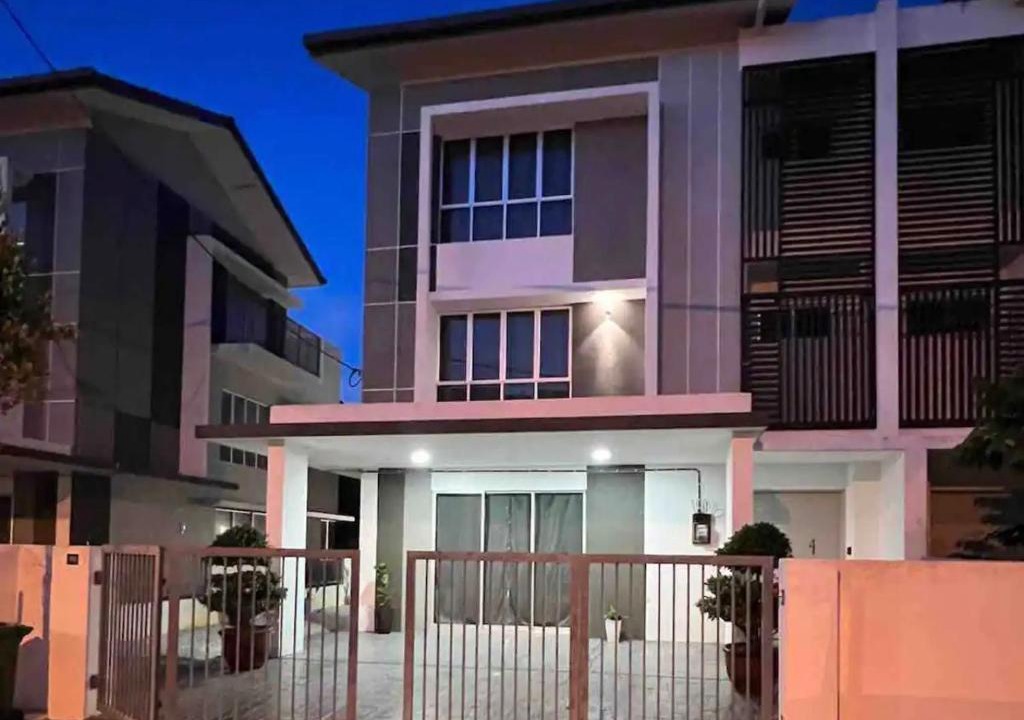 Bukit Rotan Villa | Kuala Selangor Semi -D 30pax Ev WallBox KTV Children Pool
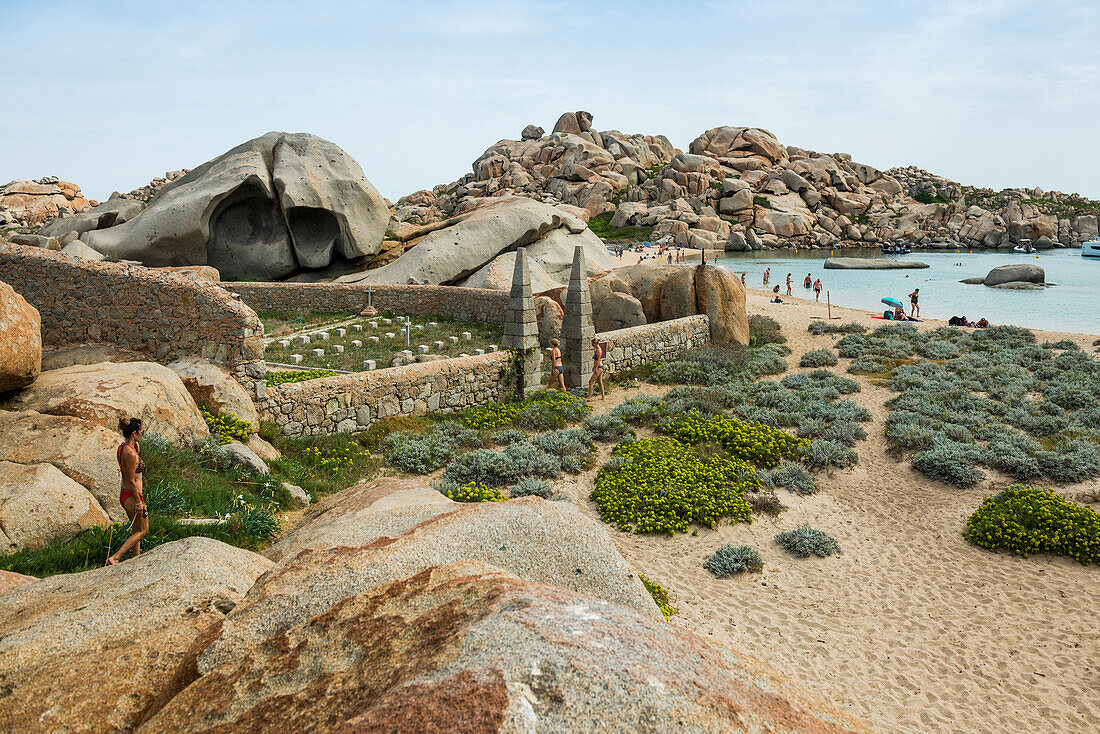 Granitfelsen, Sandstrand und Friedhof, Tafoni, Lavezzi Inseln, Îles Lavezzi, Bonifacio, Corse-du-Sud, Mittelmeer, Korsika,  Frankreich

==

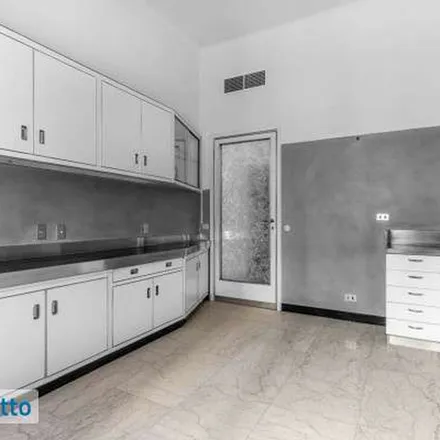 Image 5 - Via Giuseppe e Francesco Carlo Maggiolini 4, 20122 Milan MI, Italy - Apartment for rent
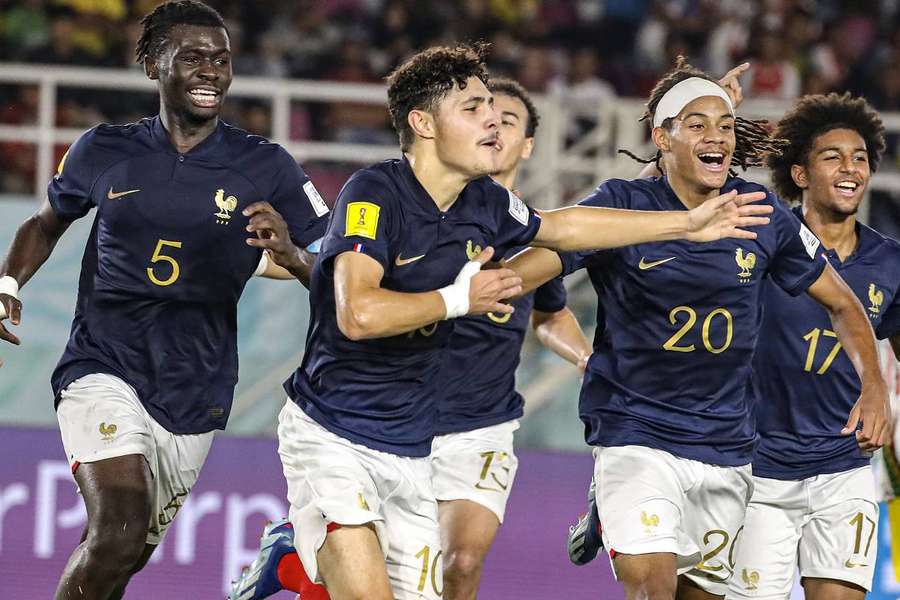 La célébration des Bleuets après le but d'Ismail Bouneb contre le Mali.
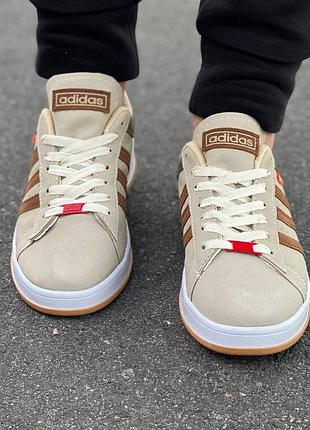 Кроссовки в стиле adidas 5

### [Work instructions]
Leaving each picture behind, please give again exactly the lines above from the one with "Image 5 - Via" through the one with "Кроссовки в стиле adidas 5", both included, and no others.

### [Completed task]
 Image 5 - Via Giuseppe e Francesco Carlo Maggiolini 4, 20122 Milan MI, Italy - Apartment for rent
 La célébration des Bleuets après le but d'Ismail Bouneb contre le Mali.
 Кроссовки в стиле adidas 5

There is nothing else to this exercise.